In your example, the (\d)[.-](\d) says find a digit followed by a period or
dash followed by another digit. The first time through 1.0 is matched and
replaced with 10 (710) with the "current location" pointing before the 9.
Go again and 9.6 is replaced by 96 for (71096) with the "current location"
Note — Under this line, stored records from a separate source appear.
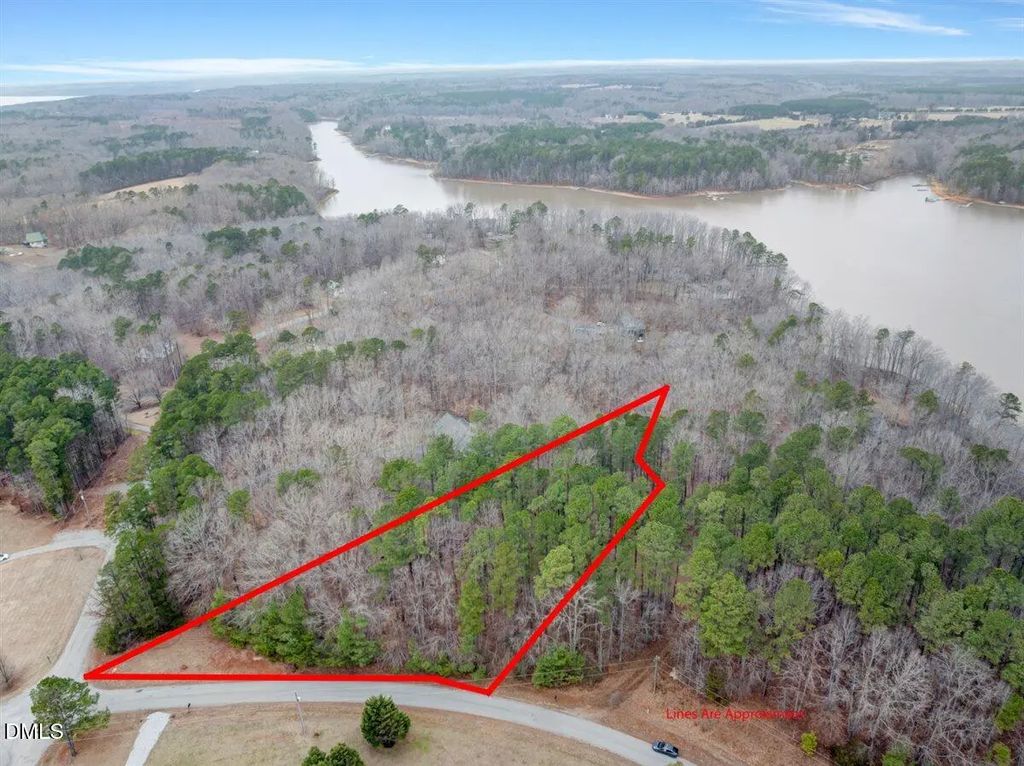 12 Piney Ridge Road, Clarksville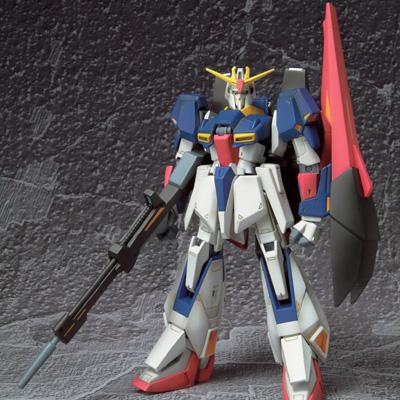 MS in action セット Amazon | TAMASHII NATIONS MS IN ACTION!! ゲイツ | ベルト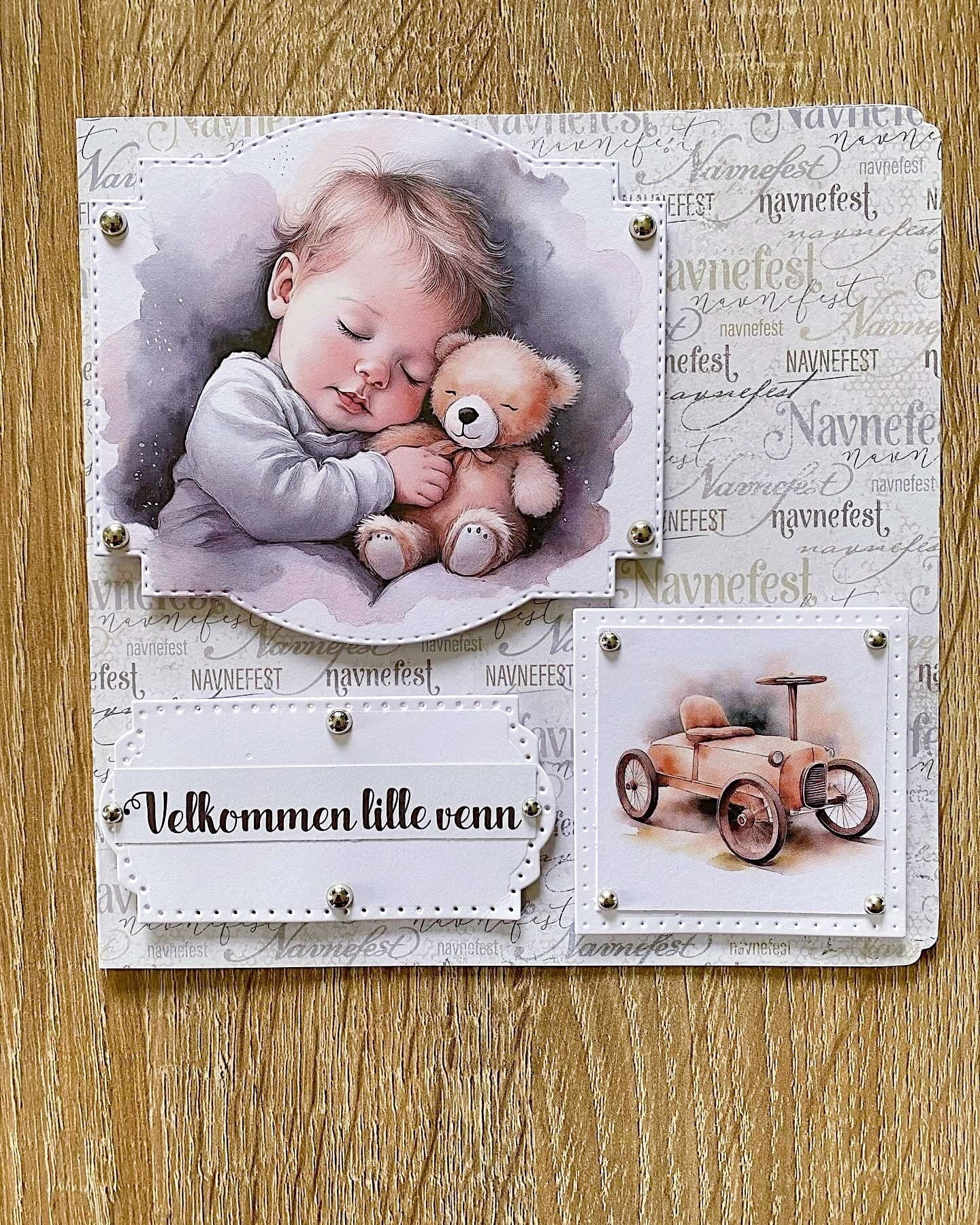 Slider Image 4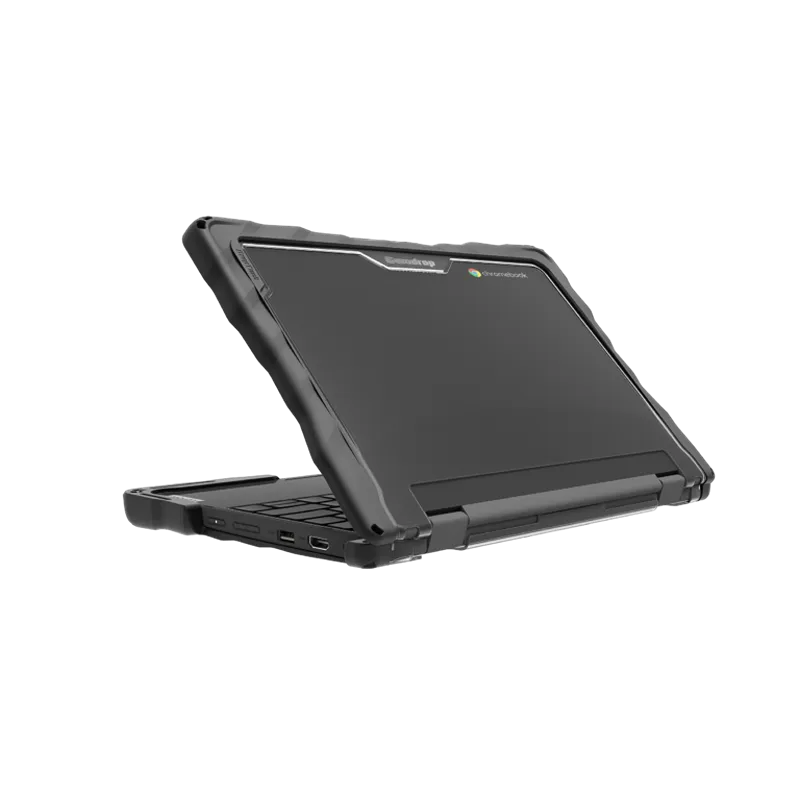 Gumdrop DropTech Case for Lenovo 500e/500w-01L011
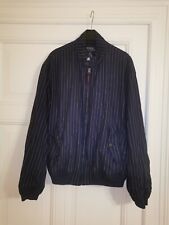 Polo ralph lauren gebraucht kaufen  Eisenach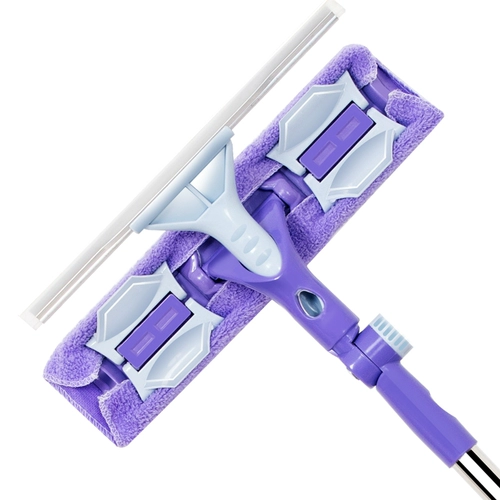 Двойное буксир -о -ха -седло для инструментального кольца для инструментов кольцо строительства корпус Окно Окно Холлет Wipe Wipe Artfact Телескопический стеклянный стеклянный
pointing to the period! So ".0" doesn't match. (71096.0) next match is 1.3
and result is 13 ( 71096.013). If you don't want to eliminate the period or
dash unless it is _between_ two digits, try:
select regexp_replace('71.09.6.01.3', '(\d)[.-](?=\d)', '\1', 'g');
(?=\d) is a "look ahead") match which says that the period or dash must be
followed by a digit, but the expression _does not_ "consume" the digit
matched.
On Thu, Jan 14, 2016 at 1:43 PM, Andy Colson <andy@squeakycode.net> wrote:
Hi all.
This is not doing as I'd expected:
select regexp_replace('71.09.6.01.3', '(\d)[.-](\d)', '\1\2', 'g');
regexp_replace
----------------
71096.013
(1 row)It acts the same with dashes:
select regexp_replace('71-09-6-01-3', '(\d)[.-](\d)', '\1\2', 'g');regexp_replace
----------------
71096-013
(1 row)I cannot use translate because there is other text in the field. I'm
trying to strip masking characters from a parcel number in a larger text
field (for example: "the parcel 12-34-56 has caught on fire")I seem to be missing something, any hints?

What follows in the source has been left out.